Lundi 9 juillet j'entame la seconde moitié de mes traitements, impatiente au mercredi, angoissée que je suis par ces pieds gonflés démesurément. Je ne suis pas la seule, me confie une connaissance en pleine guerre elle aussi. L’œdème l'envahit du pied à la cuisse avec douleur, inquiétude et entêtement de tous à nier un lien avec la radiothérapie. Pourtant? me dis-je, nous sommes plusieurs à constater cet effet. 

La salle d'attente est aussi une salle d'entente.

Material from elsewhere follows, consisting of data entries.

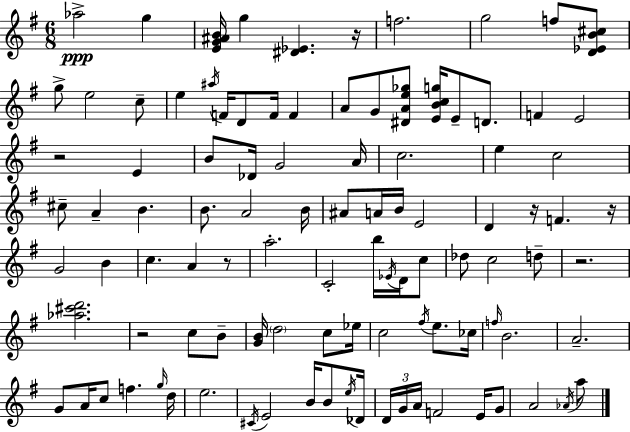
X:1
T:Untitled
M:6/8
L:1/4
K:G
_a2 g [EG^AB]/4 g [^D_E] z/4 f2 g2 f/2 [D_EB^c]/2 g/2 e2 c/2 e ^a/4 F/4 D/2 F/4 F A/2 G/2 [^DAe_g]/2 [EBcg]/4 E/2 D/2 F E2 z2 E B/2 _D/4 G2 A/4 c2 e c2 ^c/2 A B B/2 A2 B/4 ^A/2 A/4 B/4 E2 D z/4 F z/4 G2 B c A z/2 a2 C2 b/4 _E/4 D/4 c/2 _d/2 c2 d/2 z2 [_a^c'd']2 z2 c/2 B/2 [GB]/4 d2 c/2 _e/4 c2 ^f/4 e/2 _c/4 f/4 B2 A2 G/2 A/4 c/2 f g/4 d/4 e2 ^C/4 E2 B/4 B/2 e/4 _D/4 D/4 G/4 A/4 F2 E/4 G/2 A2 _A/4 a/2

On n'échappe difficilement aux confidences. Un regard suffit à distinguer l'accompagnateur du patient. Je suis chaque fois émue de cette volonté manifeste de vaincre le cancer qui les anime toutes. Les unes sont davantage épargnées, d'autres sont en désarroi à la seule idée d'être obligées de reprendre le travail dans quelques mois alors qu'elles se sentent encore si vulnérables. Il ne sert à rien de dire que tout va bien aller. On ne vit pas dans un futur probable quand on se noie dans le mal-être. Entendez-vous ma détresse crie-t-on dans nos silences autant que dans nos plaintes? Un cri devenu plus fort avec ces mois de lutte qui s'accumulent tandis que le corps continue de se dégrader. Ne pas nier ni le mal, ni la peur, ni l'angoisse de ces guerrières. Sinon, on les enferme dans la noirceur.

Mercredi. Enfin! J'ai rendez-vous avec le Dr. Brassard qui constate que le gonflement de mes pieds s'est encore amplifié. 

- Rétention d'eau? Circulation du sang?
- Je pense plutôt à un manque de protéines, dit-il. Une prise de sang nous le dira. Si vous la faites prendre demain, j'aurai les résultats pour notre rencontre la semaine prochaine.

Il me recommande de ne pas m'inquiéter. Si désagréable que soit l'enflure, il n'y a aucun danger d'autant plus qu'il demeure convaincu de la cause. Et pour la peau de plus en plus sèche du sein que malmènent les rayons, il conseille une crème, genre aveeno sans parfum. Tout à fait dans mes choix puisque j'utilise déjà leur gel nettoyant hydratant quotidien pour la douche. Je me sens plus légère.

J'aborde le jeudi et le vendredi comme une experte. Je sais que la fin de semaine sera bénéfique. L'augure est bonne pour le jour où les traitements prendront fin. Quittant la salle de traitement, je salue la dame qui, depuis un certain temps, me succède à la salle 1. Elle me connaît par son amoureux qui est un ami du mien, ancien confrère de travail et copain de ski. Je me souviens que mon Réjean lui avait confié sa peine de me voir attaquée par le cancer. Et voilà que la compagne de l'ami affronte le même ennemi. Pas de chimio pour elle, me rassure-t-elle et la radio se laisse apprivoiser. Nous sommes une femme sur neuf à affronter le cancer. Quelle que soit la direction où je regarde, un de mes proches sera atteint.

Mardi 17 juillet

J'attendais avec impatience de revoir mon oncologue, curieuse de connaître les secrets de mon sang. Bonne nouvelle : plaquette, globules blancs et rouges, circulation du sang, reins, foie, etc, rien d'alarmant. Et, tel que prévu, confirmation sans équivoque d'une carence en protéines. 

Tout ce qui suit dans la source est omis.